Defined Benefit

The Pensions Regulator’s (TPR) proposal for scheme statements of strategy will create significant additional and unnecessary workloads for trustee boards, industry professionals have warned.

The proposed document could also prove expensive for schemes to complete, with Hymans Robertson estimating that gathering the amount of information required could add approximately 20% to the cost of a valuation for a “typical” scheme.

The Association of Professional Pension Trustees (APPT), meanwhile, said the extra requirements and costs could “diminish the sustainability” of defined benefit (DB) schemes, particularly those with less than £50m in assets.

The organisations were among those responding to TPR’s consultation on the statement of strategy document, which closes this week (16 April).

Laura McLaren, head of DB actuarial consulting at Hymans Robertson, said the amount of information requested was “onerous” and “disproportionate” to the needs of the regulator.

“As a submission for the regulator’s eyes only, the statement of strategy has little value for the schemes themselves beyond compliance,” she said. “It would be helpful to know what TPR, as a ‘proportionate’ regulator, is going to do with all the information that schemes will submit.

“Asking for so much information misses the point of what’s meant to be a regulatory ‘filter’. A better approach could be that, once TPR has screened schemes it wishes to investigate further, it can ask for more information where relevant.”

McLaren urged TPR to make the documents easier for schemes to complete, using “pre-populated sections or automation where practical”.

‘Endless items of data’

The APPT was particularly concerned about the scale of the data requests involved in the statement of strategy.

APPT chair Harus Rai said: “The statement of strategy that will need to be completed for schemes is very lengthy with endless items of data, as outlined in the example document released as part of the consultation.

“Our members feel that the [document] needs to be materially cut down as in our view only a minority of the data items it is proposed to collect is helpful and the rest do not add value or clarity.”

Rai said the regulator should seek to avoid duplication of data collection, instead making use of information already provided through scheme returns.

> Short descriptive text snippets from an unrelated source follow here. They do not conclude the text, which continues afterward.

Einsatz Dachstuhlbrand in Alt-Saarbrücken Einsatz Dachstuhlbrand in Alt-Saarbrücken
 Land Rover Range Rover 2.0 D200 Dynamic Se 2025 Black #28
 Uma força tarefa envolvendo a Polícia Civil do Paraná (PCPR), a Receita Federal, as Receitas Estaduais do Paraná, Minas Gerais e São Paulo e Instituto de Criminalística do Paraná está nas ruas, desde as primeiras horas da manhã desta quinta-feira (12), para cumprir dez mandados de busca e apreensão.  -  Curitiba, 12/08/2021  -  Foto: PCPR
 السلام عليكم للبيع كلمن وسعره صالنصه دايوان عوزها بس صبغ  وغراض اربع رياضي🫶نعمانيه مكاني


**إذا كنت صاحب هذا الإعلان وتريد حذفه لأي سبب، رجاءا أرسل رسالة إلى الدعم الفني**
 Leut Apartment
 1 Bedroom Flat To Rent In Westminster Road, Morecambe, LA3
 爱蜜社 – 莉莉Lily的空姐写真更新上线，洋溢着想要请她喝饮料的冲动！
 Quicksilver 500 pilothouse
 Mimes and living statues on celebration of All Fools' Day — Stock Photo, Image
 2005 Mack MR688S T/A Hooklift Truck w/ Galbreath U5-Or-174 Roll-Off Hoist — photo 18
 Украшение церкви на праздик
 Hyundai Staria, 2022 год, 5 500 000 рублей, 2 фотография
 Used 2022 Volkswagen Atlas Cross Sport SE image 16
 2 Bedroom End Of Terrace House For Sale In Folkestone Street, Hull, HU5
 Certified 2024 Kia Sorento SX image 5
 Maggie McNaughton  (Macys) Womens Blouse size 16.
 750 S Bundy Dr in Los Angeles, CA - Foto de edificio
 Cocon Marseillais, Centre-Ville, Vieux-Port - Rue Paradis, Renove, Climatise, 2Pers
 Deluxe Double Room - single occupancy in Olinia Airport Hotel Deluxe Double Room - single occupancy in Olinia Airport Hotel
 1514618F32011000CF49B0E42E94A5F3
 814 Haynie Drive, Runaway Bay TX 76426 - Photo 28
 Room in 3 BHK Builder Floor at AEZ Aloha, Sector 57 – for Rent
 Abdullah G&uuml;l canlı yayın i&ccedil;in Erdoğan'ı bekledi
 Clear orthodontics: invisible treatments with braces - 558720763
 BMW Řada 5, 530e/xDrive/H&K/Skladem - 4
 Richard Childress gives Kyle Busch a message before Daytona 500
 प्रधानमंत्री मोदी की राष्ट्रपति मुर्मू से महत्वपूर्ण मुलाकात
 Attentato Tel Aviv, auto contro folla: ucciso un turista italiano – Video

The APPT argued that much of the data within statements of strategy would become “stale” soon after submission, and questioned how useful such information would be.

The association also voiced concern that the role of employers had been overlooked in the consultation, meaning statements could also quickly lose their usefulness if trustees and employers decide upon a change of direction.

“Overall, many of our members are not sure what problem the statement of strategy is trying to solve,” the APPT said in a press release. “To impose onerous additional data requirements on those schemes that are now well-funded and largely de-risked seems to be disproportionate regulation that conflicts with government regulatory policy.”

Eleanor Daplyn, partner at Sackers, said the proposal would require “extensive actuarial, investment and covenant input”, adding that there was “a real risk of increasing the burden on already stretched schemes”.

She also called for trustees to be given the ability to tailor the information provided to reflect scheme-specific circumstances, in particular for open DB schemes.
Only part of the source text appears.